There are franchise films, and then there's Obsession. On its surface, a horror film. At its core, something closer to the impossible. Nothing stirred a bigger whirlpool of questions — and perhaps unease — than a film made for under a million dollars crossing four hundred million at the box office. Whether that was by design or sheer luck, I imagine there were executives quietly asking themselves how they missed this asteroid buried in the forest of indie projects.
For starters, Curry Barker — director, editor, and writer — built his audience long before Obsession. Comedy skits shot in his backyard. Short films on off-days. We forget, at some point, he was a Starbucks barista. A kid from California doing what every kid in California does: film.
I've turned this over in idle moments. Can anything top this? And how often does someone feel the sophomore slump coming, or spend time dreading it? As someone who hasn't made their Hollywood debut yet, that fear sits closest to me. There are stories in the chamber, locked and loaded, waiting for the right moment — but the trick is realizing there is no right moment. The only time is now. You make the film with whatever luck and dollars you have, and you deliver it like the screens haven't seen anything like it. Because maybe they haven't.
Obsession isn't just good lighting and color grading. It's exactly that — delivery. From the performances to the marketing, delivery is what builds that kind of momentum.
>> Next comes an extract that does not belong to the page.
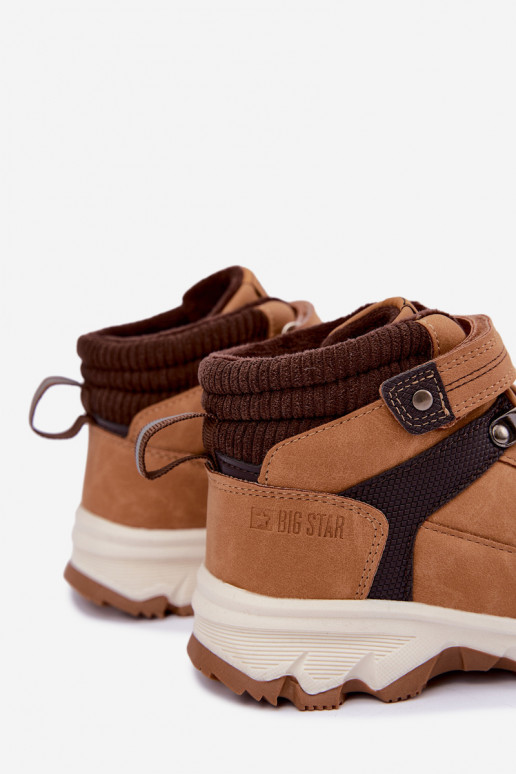 Braune gefütterte Kinderstiefel mit Klettverschluss Big Star UU374005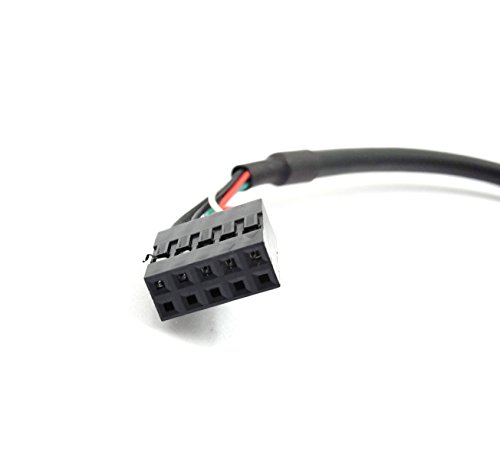 Duttek (2-Pack) 20CM USB 2.0 Type A Male to Dupont 9 Pin Female Header Motherboard Cable Cord (AM/9Pin 0.2M)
So does that mean everyone should start a YouTube channel, build a following through comedy skits, and leverage that audience into a budget for an indie horror film? Sort of.
With anything that gains traction comes the trends. Obsession and Backrooms, each in their own lane, are trend-setting films. Audiences — especially younger ones — felt that gravitational pull. A young man desperate for love but going about it in all the wrong ways. The insecurities of every character, the things that frighten them, the arc each one takes toward a goal or a mission — it all felt personal, grounded, and real.
I don't know if Hollywood will give another Obsession its moment. But what I can say with certainty — for myself and anyone reading — is this: if the story won't leave you alone, if it kept you on edge just writing or creating it, then it has a place. For as long as we stay quiet in our own creative worlds, we risk losing that rhythm to the noise of reboots and movies about movies. So this time, make it personal. Make it special. Make it real.